Under the Budget, both domestic corporations and domestic branches of foreign corporations would be denied US tax deductions (subject to certain de minimis exclusions) to the extent necessary to collect the hypothetical top-up tax required for the financial reporting group (generally, a group of business entities that prepare consolidated financial statements) to pay an effective tax rate of at least 15% in each foreign jurisdiction in which the group has profits. The Budget also includes a domestic minimum top-up tax that would preclude the imposition of a UTPR by other countries. This top-up tax would equal the excess of (i) 15% of the financial reporting group's US profit (determined using the same rules as under the UTPR to determine the group's profit for a jurisdiction), over (ii) all the group's income tax paid or accrued with respect to US profits (including federal and state incomes taxes, corporate alternative minimum taxes, and creditable foreign income taxes incurred on US profits). A coordination rule would reduce the UTPR disallowance imposed by the US to reflect any top-up tax collected by members of the group under a qualified UTPR in one or more jurisdictions. Whether a foreign jurisdiction has in effect a UTPR or an IIR that is consistent with Pillar Two Model Rules would be determined by Treasury under the standard specified in the Pillar Two Model Rules.

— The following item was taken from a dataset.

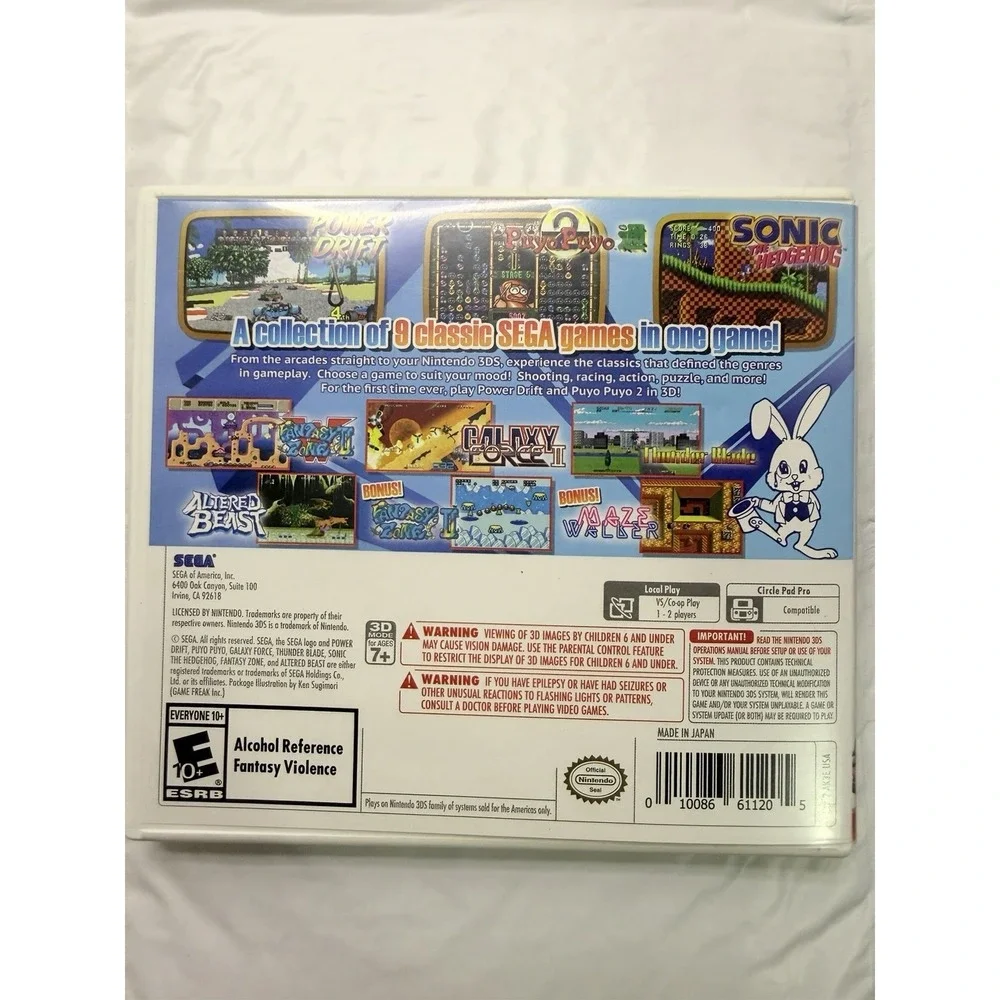 Sega 3D Classics Collection (Nintendo 3DS) - Complete CIB With Sticker Sheet!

The Green Book provides, without further detail, that the Budget would ensure that taxpayers would continue to benefit from tax credits and other tax incentives when a UTPR in another jurisdiction comes into effect, "including clean energy tax provisions enacted in the IRA [i.e., the Inflation Reduction Act of 2022]." The reference to IRA clean energy tax provisions was not specifically included in the FY 2024 budget.

The proposal would be effective for tax years beginning after December 31, 2024. For additional details on this proposal, see EY Global Tax Alert, US | FY2024 Budget includes few new international tax proposals, largely reprising proposals from prior budgets, dated March 20, 2023.

Repealing and replacing the FDII tax benefit

The Budget would repeal the tax benefit for FDII and use the revenue to provide other unspecified incentives to encourage R&D, effective for tax years after December 31, 2024. See EY Global Tax Alert, US Treasury Green Book offers new details on international tax proposals, dated June 1, 2021.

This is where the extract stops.